Random Heroes: Gold Edition Review

Many people find beauty in simplicity.

Taking a concept and distilling it down to its foundation while retaining something engaging takes careful planning and sharp execution. And, for the most part, Random Heroes: Gold Edition does an admirable job taking the elements of a typical run-and-gun platformer and stripping away the complications and pretence. The game doesn’t come close to doing anything remotely interesting as a platformer, but it’s a solid casual experience at a very reasonable price point.

While amusing, this Abraham Lincoln doppelganger controls exactly like all the other characters.

I’ll preface this review with a word of warning: If you’ve signed up for Random Heroes because you want an intense, in-depth story, you should back out now. Basically, a group of random heroes must save the world from alien invaders – that’s it. The heroes, as the title implies, have a completely random quality. Is that Abraham Lincoln sporting a shotgun? Did Jason Voorhees just purchase an assault rifle? And what is that pirate doing with advanced futuristic weaponry? Everything about this game feels entirely random.

But, honestly, that’s fine. Given the lack of story, the developers don’t need to justify why someone dressed like Abraham Lincoln (or possibly Abraham Lincoln himself) decided to grab the nearest firearm and begin raining bullets down upon his otherworldly adversaries.
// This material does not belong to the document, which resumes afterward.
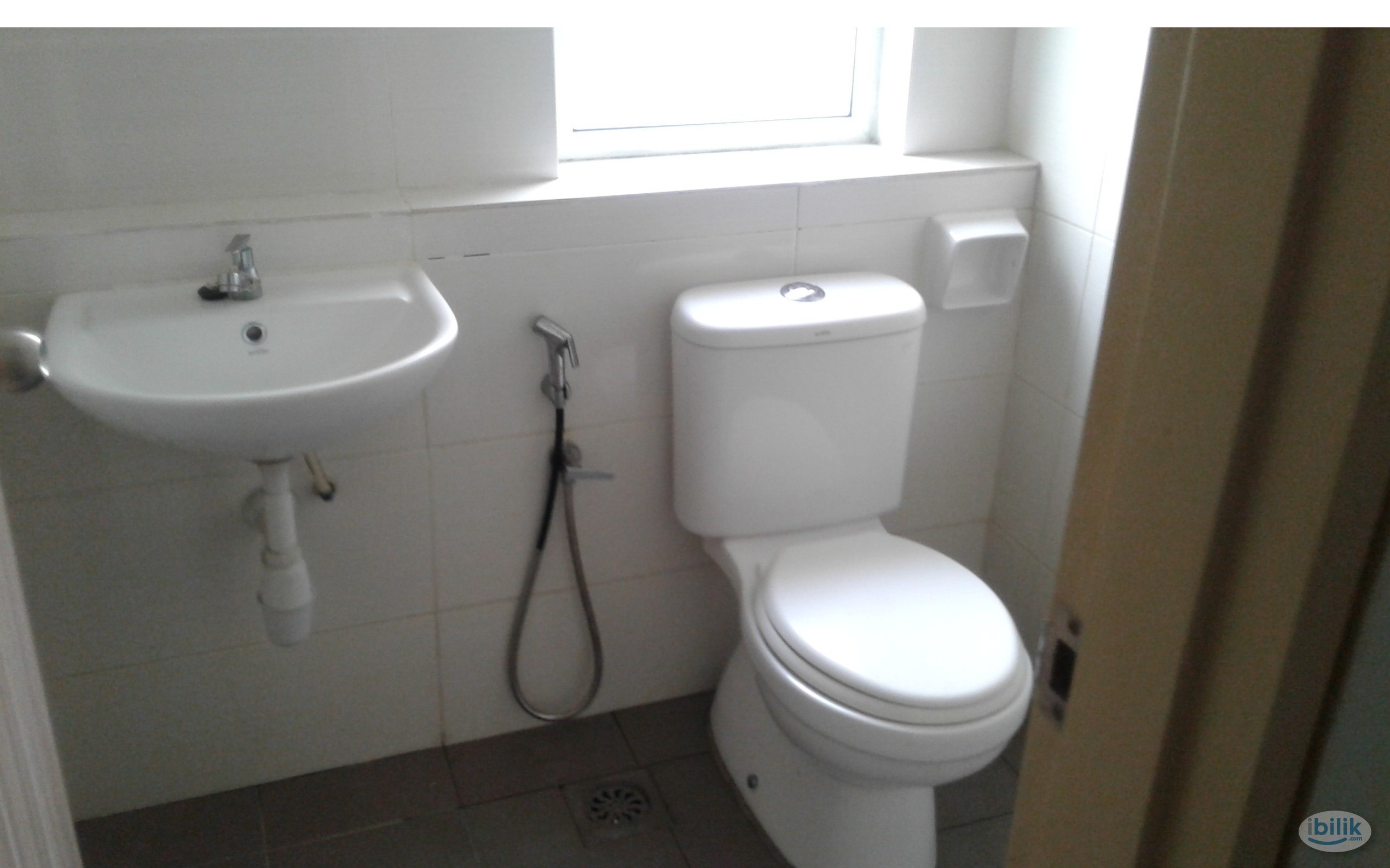 Single Room With Private Bathroom Attached - Image 3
The lack of story almost seems to work in favour of the game’s nonsensical nature; you don’t need to explain why the world, characters, and weapons feel so random if the very nature of the game itself embraces an air of randomness. Maybe I’m going too deep here.

Level design feels pretty basic, but the game handles very well.
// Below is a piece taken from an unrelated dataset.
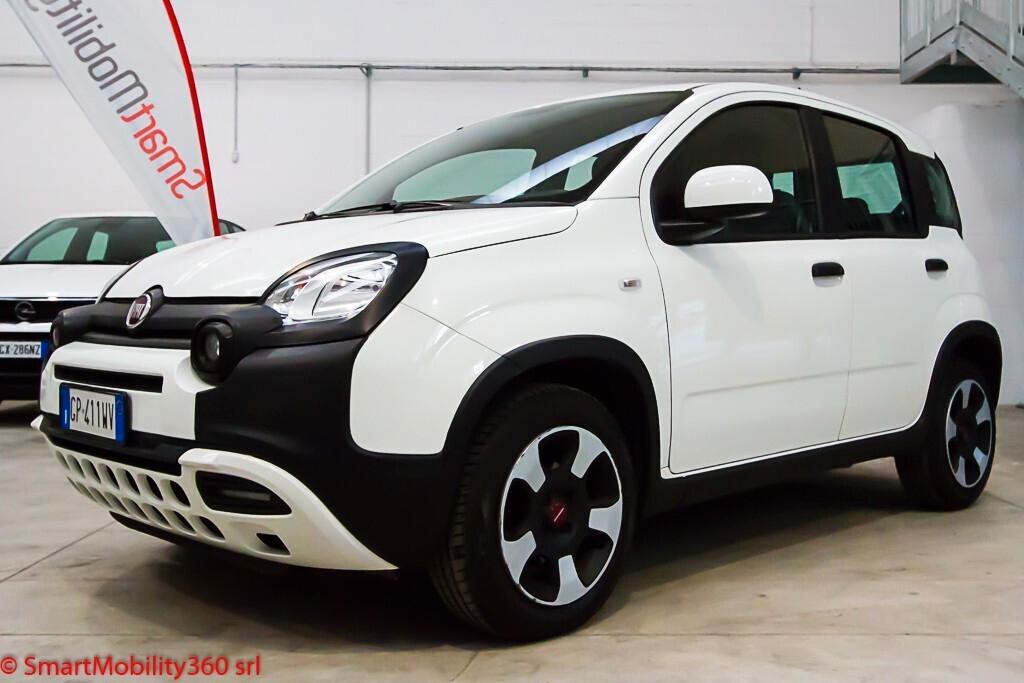 Fiat Panda 1.0 firefly hybrid Cross s&s 70cv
Since the story has brazenly skipped town, Random Heroes lives or dies on the strength of its gameplay. Again, the experience doesn’t break new ground, nor does it even come close. Instead, the developers have taken the simplest run-and-gun concept and tightened it to the best of their abilities. As a result, Random Heroes features responsive controls that do exactly what they should – and not a drop more. It’s a very admirable experience from top to bottom, though, it’s important to temper your expectations at the door. Platformers don’t get much more basic than this, and if you’re a master of the genre, you’ll blow through this one with ease.

What Random Heroes lacks in challenge and depth it makes up for in quantity. You’ll jump and shoot your way through over 100 levels of middling variety, blasting an assortment of generic, bullet-sponge enemies along the way. You can gain a total of three stars per level based on your performance, and stars allow you to unlock additional random characters. The coins you collect throughout your travels, meanwhile, provide you with currency to purchase new, more powerful weapons. But don’t expect anything too deep; while the guns do feel different, you won’t see any difference between, say, Jason Voorhees and Abraham Lincoln.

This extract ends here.